Recently appointed Secretary of State Holli Sullivan announced Monday she is running next year for a full term as Indiana's chief elections officer.
The former Republican state representative from Evansville became secretary of state March 16 after being selected by Republican Gov. Eric Holcomb to complete the term of Secretary of State Connie Lawson, who decided to retire at age 71.
Sullivan said she plans to focus her campaign on her "proven record of conservative leadership" and her commitment "to defend the integrity of Indiana's elections."
"Indiana's elections are free, fair and secure," Sullivan said. "Now more than ever, we need leadership in the secretary of state's office to protect public trust in our democracy and Indiana's record as a national leader in election security."
Sullivan first will need to win the Republican Party nomination to compete in the Nov. 8, 2022 general election. The GOP nomination will be awarded by delegates attending next summer's Republican State Convention.
State campaign finance records show one other Republican currently is vying for the post: Diego Morales, a onetime aide to former Gov. Mike Pence.
The Democratic and Libertarian Party general election nominees for secretary of state also will be selected next year at each party's state conventions.
The Libertarian Party, however, believes Sullivan already has disqualified herself by including a link to a fundraising website in her initial campaign announcement.
Under Indiana law, candidates for legislative or statewide office, including secretary of state, are prohibited from soliciting or accepting campaign contributions during odd-numbered years prior to the General Assembly adjourning sine die, or for the remainder of the year.
The sine die deadline typically is Thursday.
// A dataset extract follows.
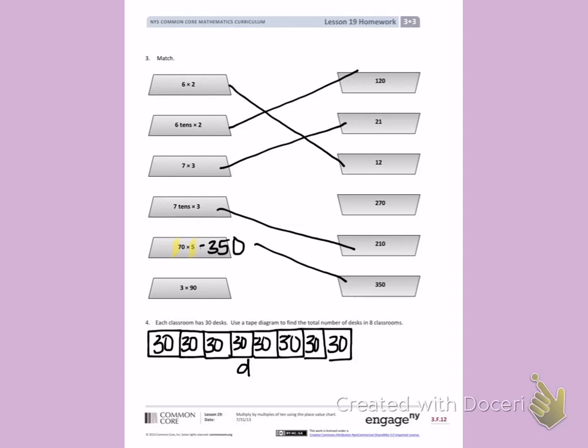When I look at this tape diagram, I can see I have equal groups of 30 and I have 8 equal groups of 30, which is D. Use the strategies that we have practiced in class today to help you find what D equals.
But the Republican-controlled Legislature this year agreed to change it to Nov. 15 to make it easier for lawmakers to return to the Statehouse in the summer and fall to complete the once-a-decade process of redrawing legislative district boundaries that was delayed due to COVID-19 issues at the U.S. Census Bureau.
House Enrolled Act 1372 makes the statutory changes necessary to accommodate the delayed redistricting. But it continues to prohibit fundraising activities for legislative and statewide candidates until after Thursday.
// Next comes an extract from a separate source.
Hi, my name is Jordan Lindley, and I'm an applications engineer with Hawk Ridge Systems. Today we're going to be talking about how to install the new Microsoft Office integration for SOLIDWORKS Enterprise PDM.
In any case, the measure was not yet signed into law by Holcomb when Sullivan allegedly solicited campaign contributions.
"If you are vying to be elected to head the office that oversees elections and enforces campaign finance laws it would probably be a good idea to not break those laws," said Evan McMahon, Libertarian Party chairman.
Sullivan appears to have since removed all fundraising links from her campaign website and Facebook page, though a Sullivan donation site on the "Win Red" fundraising platform remained active Monday night.
Morales' campaign website still features a prominent "Donate Now" button that also connects to the Win Red platform.